BJP's TN bypoll boycott tactical
In a tactical move, the BJP has surprised political circles by deciding to boycott the Jan 9 Assembly by-election from Thirumangalam constituency near Madurai, about 470 km South of Chennai, reports MR Venkatesh.india Updated: Dec 17, 2008 16:31 IST
For the BJP in Tamil Nadu, this seems to be the obverse of a dress rehearsal for the forthcoming Lok Sabha elections.
In a tactical move, the saffron party has surprised political circles by deciding to boycott the Jan 9 Assembly by-election from Thirumangalam constituency near Madurai, about 470 km South of Chennai, where a vacancy has been caused by the death of an MDMK member, Mr Veera Ilavarasan, last month.
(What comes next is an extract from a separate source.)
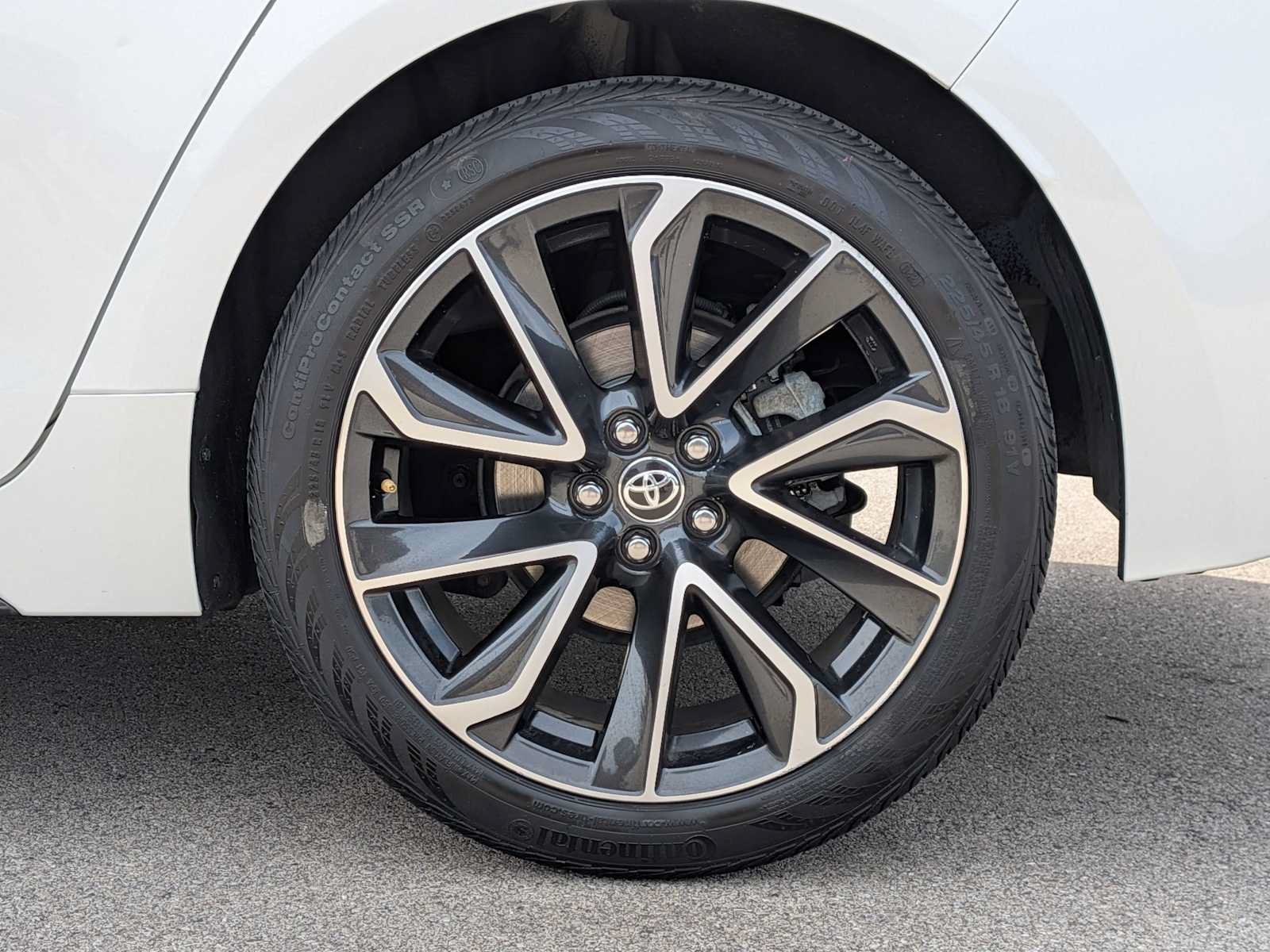 Used 2020 Toyota Corolla XSE FWD image 13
With the main opposition AIADMK led by Ms. Jayalalithaa having sewn up an electoral alliance with the Communist parties, a left-alone BJP sees this as a good opportunity to see how the two main contestants, the DMK-led front and the AIADMK-MDMK-Left alliance will fare in this contest.
The by-poll being seen as a popular mood reader in the run-up to the Parliamentary polls could be gauged from the fact that the DMK has nominated the Chief Minister, Mr. M. Karunanidhi’s Madurai-based elder son, M.K.Azhagiri, to head the poll panel there.
The by-election is set to be a three-cornered contest as the DMDK led by actor-turned-politician, Vijayakant, has also decided to contest that seat alone. The DMK had yesterday announced the candidature of Mrs. Latha Adhiyaman, widow of the late party MLA, MCSA Adhiyaman, belonging to the OBC ‘Thevar’ community. The AIADMK will contest the seat since ‘Amma’ convinced the MDMK leader Mr Vaiko, to part with it.
As the triangular contest profile shaping up at Thirumangalam promises to be a mirror of things to come at least in the Southern districts, the BJP is nonetheless, yet to decide on whom they will back in the by-elections even if it will not field its candidate.
The official reason though given for the poll boycott by the BJP is that the by-election itself “is not necessary” as it was being held by the Election Commission (EC) based on the old constituency mapping.
Already, “the EC has recognized the delimitation of the constituencies in Tamil Nadu which has also been approved by the President of India and gazetted. As the re-drawn boundaries do not match with the old one, why hold election at all for Thirumangalam, a defunct constituency?” fumed the State BJP President, Mr Ela Ganesan.
Even the just concluded elections to the five State Assemblies was on the basis of the freshly delimited constituencies, Mr. Ganesan pointed out, speaking to HT in Chennai on Wednesday, adding, the election was announced only because the stakes were too high for the ruling DMK.
Though politically friendless in Tamil Nadu now, Mr Ganesan sees this predicament more as an opportunity to assess the relative strengths of the various parties in the run-up to the Lok Sabha polls. “We are preparing ourselves to contest on our own all the 39 LS seats in the State and as of now not looking for any alliance,” he categorically said.
The BJP leader did not entirely rule out the possibility of some parties joining them later, but said, “We are not actually talking to any party today including Vijayakant’s DMDK.” “We want to send a few MPs’ from here to Lok Sabha on our own,” he added. It is this macro-strategy that has lent more significance to the BJP skipping the by-poll.
Meanwhile, the Madras High Court on Wednesday dismissed a petition seeking a direction to the EC that by-election to another ‘vacant’ seat, Mangalore in Cuddalore district, should also be held along with Thirumangalam. The State told the Court when the case came up that the resignation of the Dalit Panthers of India (DPI) MLA, Mr Selva Perunthagai, who had later joined Ms. Mayawati’s BSP, from the Assembly, was not in order.